田一健的目光凝向他,说道:“我和你不一样,我没有你那样的野心和欲望。“石彦章笑了笑:”不错,从这点来说你确实不如我。”
“此刻,我但求与你一战而已,生死荣辱我都已不放在心上!”石彦章目光凝视着山道上方照射下来的晨光,缓缓道:“多么像诺崇馆里的天窗呀,我真的很像成为你们当中的一员。
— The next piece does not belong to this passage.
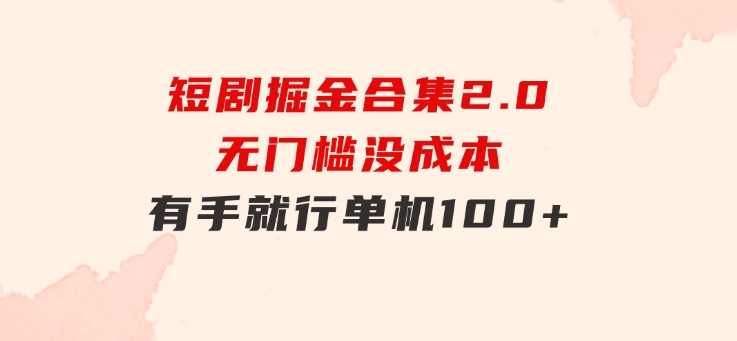 短剧掘金合集2.0无门槛没成本有手就行单机100+-云际资源网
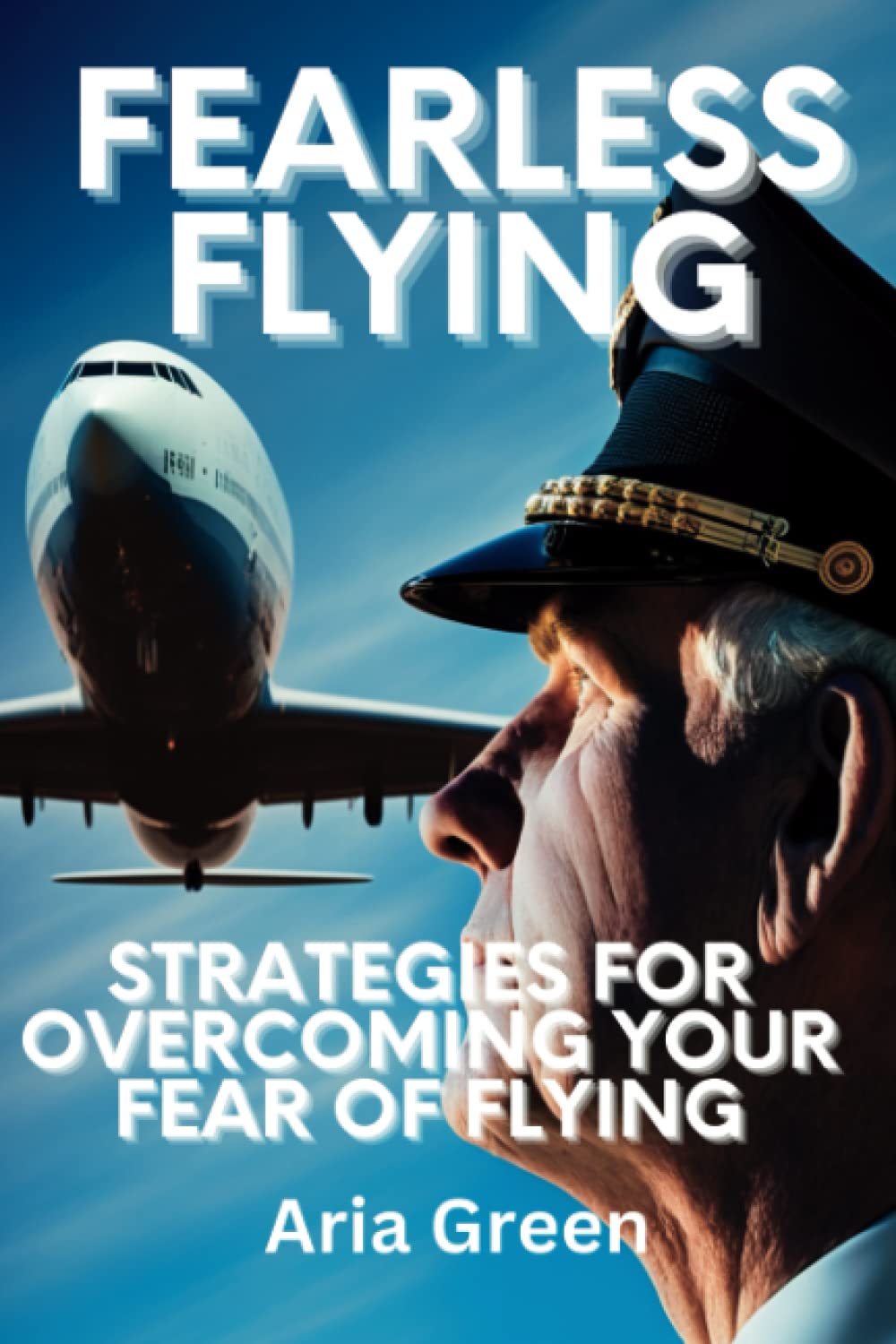 Fearless Flying: Strategies for Overcoming Your Fear of Flying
石堰组?行健组?看来今日之后肯定会少一个组了。”
看他脸上那种深远的寂寞,田一健眼睛的表情也变得很奇怪,也不禁叹了口气,道:“原本你可以创建出一个比诺崇馆更优秀的社团,但你的野心却让你失去了这个机会。佶伊巷阁缺的不是大统一的独裁,而是团结一心的多元化。即便你夺得诺崇馆的大权,也锁不住学生们的心。就像你手底下这些妖怪一样,他们并不想和人类作对,他们只是想要一个自由而已。石彦章,你放手吧!”
石彦章听了田一健的话,颇为感概,放弃了同归于尽的念头。他拿出了玉卯印,端详了最后一眼——碧玉的印章上雕着一只小玉兔。此刻他才发现原来这块印章是这么精致,这么美丽。石彦章依依不舍地攥紧印章,一催动魔力,捏碎了它。随着印章的毁灭,山谷中的魔法阵也彻底消失了,地上的符文也渐渐褪去,白龙化为了尘埃。
“我俩这一战势在必行,就算没有玉卯印,凭我的实力照样能打败你。”石彦章心灰意冷道。
忽然间,云琰撅着屁股,强忍着疼痛,从妖群中走出来。看见他,大家好像都松了口气。
月已西沉,太阳照常升起。
云琰从阳光走过来,眼睛一直盯着田一健,田一健却不看他。
“你真的要应战吗?”
“嗯,这是我俩的恩怨。”
“然后呢?”
“没有然后!”
“你的意思是说,打算以性命相博?”
“是。”
云琰忽然笑了一笑,转过身拍了拍田一健的肩,说:“我清楚你的个性,你同样清楚他的个性,我阻拦不了你们!“
“谢谢。”
“阿健,你要考虑清楚啊,你还有哥哥嫂子!”银月姬劝道。
“你们听着,决斗途中你们不准插手。如果我死在他手上了,你们就放他走,不准为我报仇。”田一健特意看了看银月姬。此刻他的眼神既充满了感激与不舍,又暗示银月姬要遵照自己的话。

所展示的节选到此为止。